Share Market Basics – Detailed Stock Market Guide for Beginners

Share Market Basics, Complete Guide, How To invest in shares in India, Tips for Share Trading 

Dear investors,

If you are passionate about trading on stock market then I am glad to share my knowledge on stock market basics with you. The most obvious query that strikes in the mind of beginner investors is How to invest in share market? How can I learn about the stock market?

To the beginners, one of the very nice things about investing in the stock markets is that you learn about all different aspects of the Indian economy. It’s your window into a very large world.

Through this post, you will learn about stocks markets basics.

Share Market Basics

Share Market Basics

This is a very basic tutorial about the share market.  The point from where the journey of share market begins and the trend which it follows while traveling in the market and finally the destination results all will be elaborated to you in this article. But we will not go in depth; we will just try to hone your basics about the share market and its objectives.

Let’s understand the basic unit of the share market and that is the share.

The share is nothing but a value of ownership which you have to pay to acquire ownership in the company. The percentage of a share will depend upon the number of shares and its value which you have purchased from the company.

Physically, it is a valuable paper which denotes that you are having a value based paper. The value of these shares keeps on changing with the time being. For example- the market value of your share today is Rs10. Tomorrow it can be Rs20.

So, how can you trade on this is that you can sell your 10 rupee shares to another person at a profit of Rs10 by selling it at Rs20. The value of profit will increase with the number of shares you have at your disposal when they have increased their value in the market.

In this way, there are lakhs of investors in the market who are playing the same game with each other at the stock exchange platform. Some gain a lot of profit, some moderate and some are left with no profits, by buying and selling the shares.

So, this is how you trade in the market and earn tremendous profits in a short span of time. But this is just a simple logic to begin your basic understanding of the shares.

Now the question arises is that who decides the value of shares? Is there any big personality in the market who has the decision making power or what do you think?

Actually, the value price for the shares depends upon the demand and supply factors. Like you know that this is a very common phenomenon in the market that the high demand of any commodity lowers the supply and thus to balance the equation between the two factors, the demand is controlled and for that prices of commodities are set higher.

The same is true in the reverse case.

Similarly happens in the stock trade. When a number of people trade their shares in the share market and there is a high demand for shares for a particular company, then the values of shares are set to high price.

Likewise, when the demand is low, then to increase its supply the share prices are set at lower values.

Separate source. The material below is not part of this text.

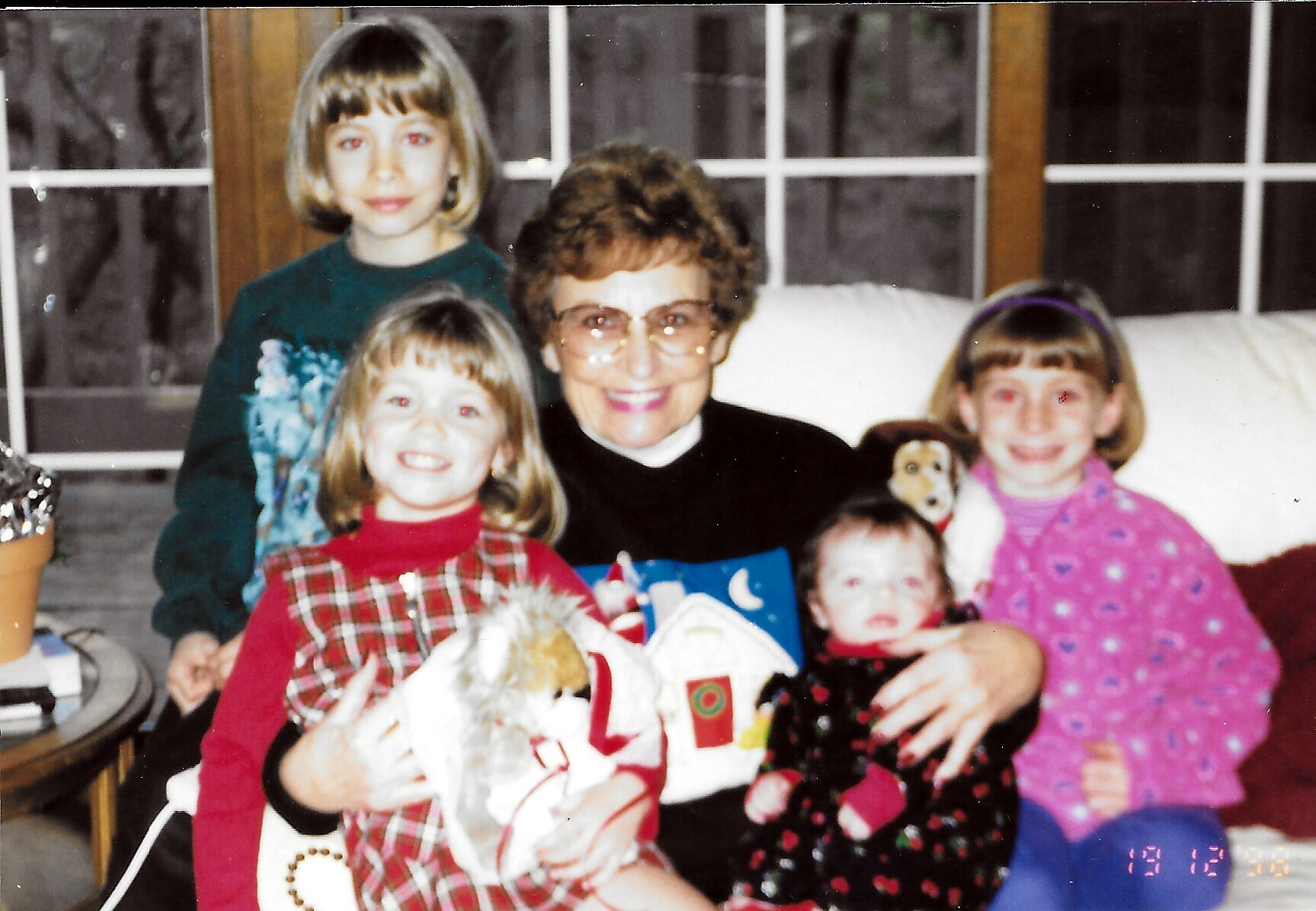 Grandmother with three young girls posing indoors with Christmas gifts.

In this way, the prices of shares are set, depending upon the market fluctuations. The market rate of the shares can be seen at the stock exchanges, and two of them are highest. These are the

  • BSE (Bombay Stock Exchange) and
  • NSE (National Stock Exchange)

Why & Who issue the shares?

OK! You have purchased the shares of the company and earning well by trading at the stock-exchange platform. But did you ever give a thought that where these shares come from? What is the need for these shares to arrive in the market? How is it benefiting the issuing authority?

We tell you.

Actually, the shares are issued by the existing companies or the IPO companies. Once the company attained a certain size and prospers well, it next objective targets to become India’s largest company. This is when the company goes out to the public for raising money.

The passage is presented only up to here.